最初に、亡くなった方のご冥福をお祈り申しあげます。

防ぐ手立てがなかったのかと悔やみます。

きれいごとではないのです。人が亡くなっているのですから。

だからこそ、知的障害がある人のことを知らず、批判をしている人とも、もっとお話をして、その人たちの想いを知りたいと思いました。
だからこそ、自分自身のできていない役割にも気づきました。
だからこそ、お互いの意見を出し合って、知的障害がある人のことを省くことのない社会を作る仲間を募る必要性を感じました。
それらは、亡くなった方の死を無駄にしないことを誓い、原告の皆さんにも思いをはせ、書かせていただきました。

敬称略で失礼いたします。

そして、2019年8月22日から毎日書きはじめ、気づけばもう1週間を過ぎました。
まとまりがなく、同じことも繰り返し出てきております。
14000字を超す長文です。

2.事故の概要(判決文より要約抜粋)

裁判の原告は、亡くなった管理人の家族。
被告は、管理人を突き飛ばした知的障害がある息子の両親。
焦点は、両親の息子に対しての監督責任。

知的障害がある息子は、突発的興奮があり、人を傷つけることもあり、入退院を繰り返していましたが、入院先から入所施設を薦められた両親(被告)は、「自分たちで面倒を見ます」と、入院先の医師の提案を断り、自宅で3人の生活を続けていました。そして、調子が悪いときは、入院をする方法を取っていたとのことです。

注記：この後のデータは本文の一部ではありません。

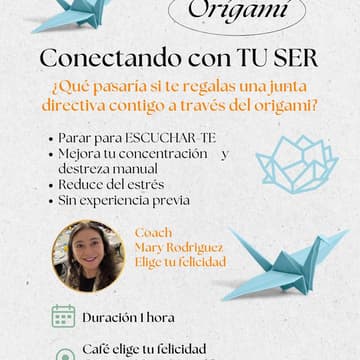 Cover Image for JUNTA DIRECTIVA CONTIGO:Taller de origami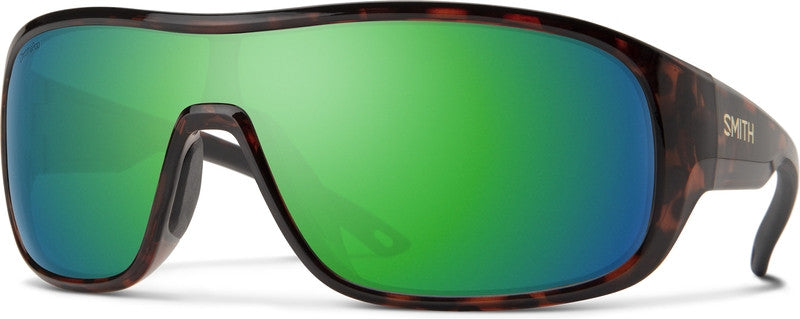Smith Optics Spinner Matte Tortoise Frame Polarised Green Mirror Lens Performance Sunglasses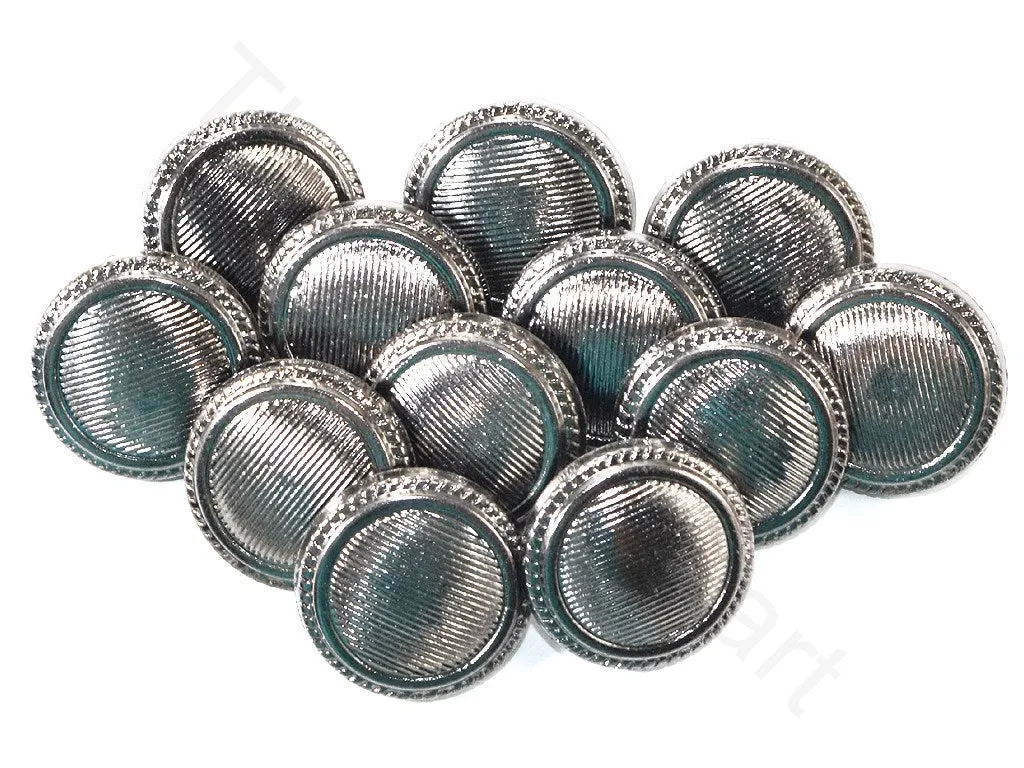 Oxidised Silver Textured Plain Acrylic Coat Buttons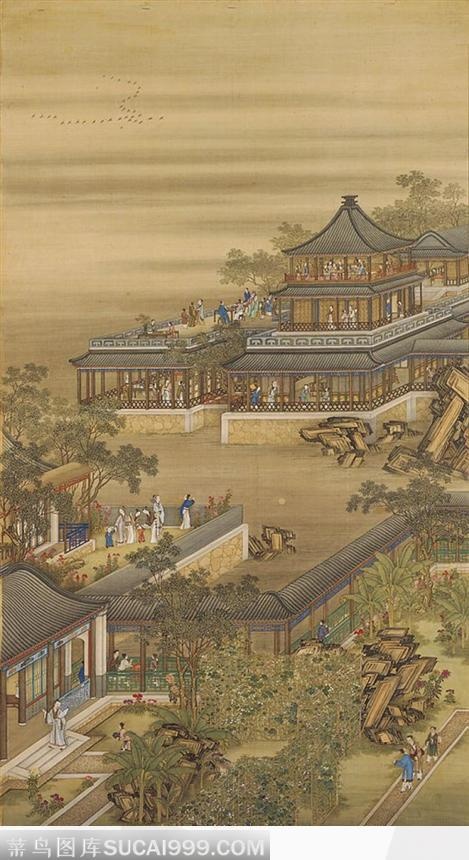 宫廷玩乐图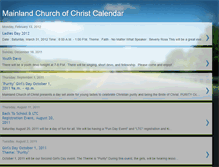 Tablet Screenshot of mainlandcalendar.blogspot.com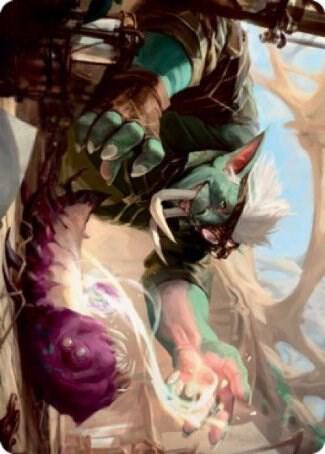 Novice Dissector Art Card [Art Series: Strixhaven] 9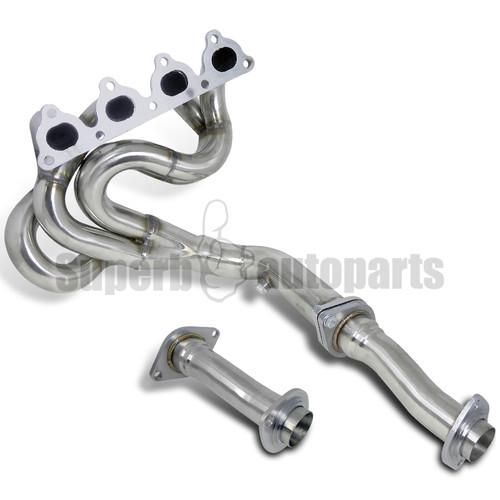 1988-2000 honda civic crx d15 d16 4-1 stainless steel exhaust header chrome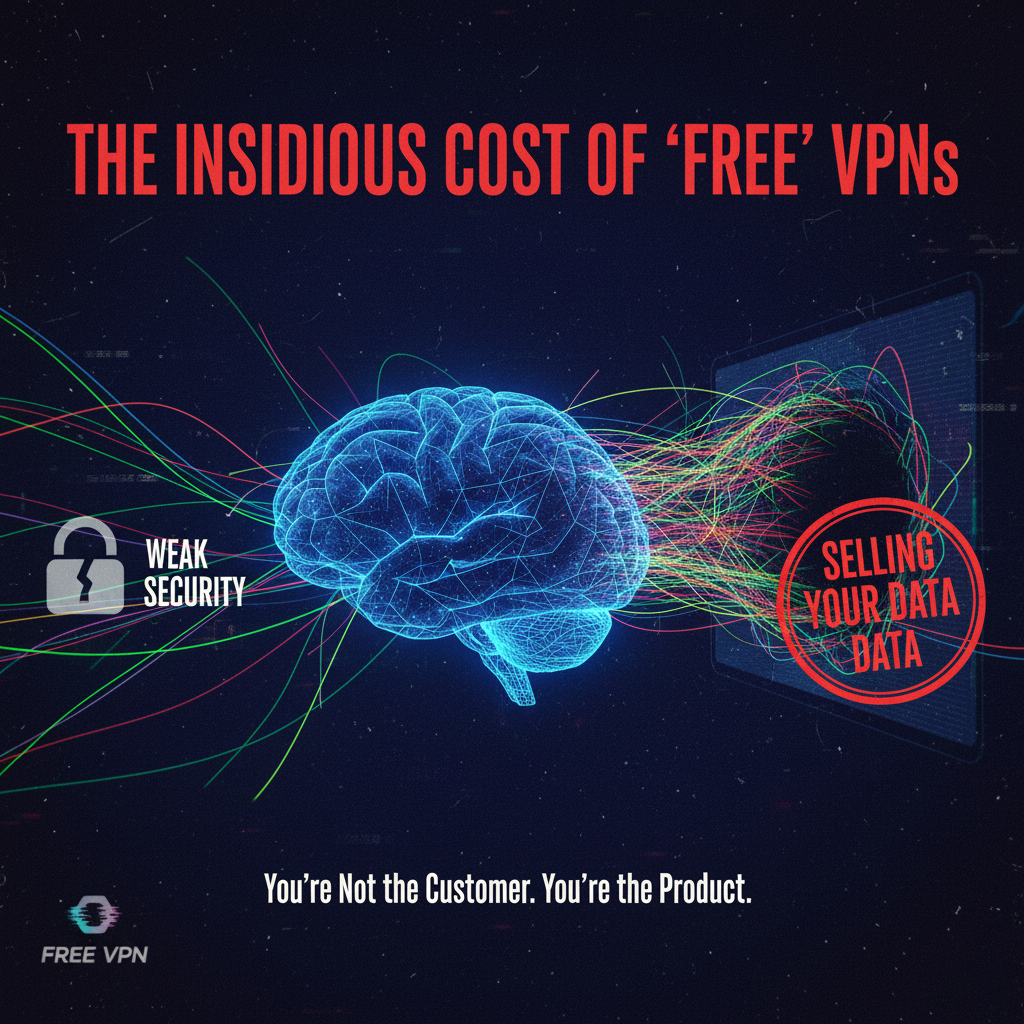 VPN data selling graphic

また、息子が外に出る時は、両親もしくは片親がついていきましたが、両親の知らない間に出ていることもあったよう見受けます。
なぜなら、マンションでは、息子が、非常ベルを押したり、裸になっているなど、住民から迷惑行為と言われることが起きており、管理人は外に一人でいる息子を見つけると家に伝えに行くことが、それまでもあったとのことですから。

さて、その日、
機嫌がよさそうだと思ったこと
夕方、夕飯の準備のためについていける時間帯ではなかった
ということで、息子だけを外に出した母。

外にいる息子を見つけた管理人は家に連絡に行き、母も外に出て、管理人と二人で息子が遠くにいることを確認します。
管理人は、家に帰るように促しに行こうとしますが、その時も、機嫌が良いと思っている母は、「追いかけないでほしい」と管理人に伝え、自宅に戻りました。

その後、管理人が、この家の玄関の前にいたところ、息子が走って近づき、管理人を階段のところまで押して移動させ、そのまま突き飛ばし、後ろ向きのまま階段下に転げ落ちた管理人は、大けがの末、亡くなったのです。

判決は、2019年8月22日。大分地裁にて。
「両親は、親権者ではなく、監督義務も負っていなかった」として、請求は棄却されました。

3.原因は?(仮説)

この事故は、なぜ起きたのだろうかと考える時、その瞬間だけを考えるのではなく、その事故の日に至った経緯を考えていく必要があると思います。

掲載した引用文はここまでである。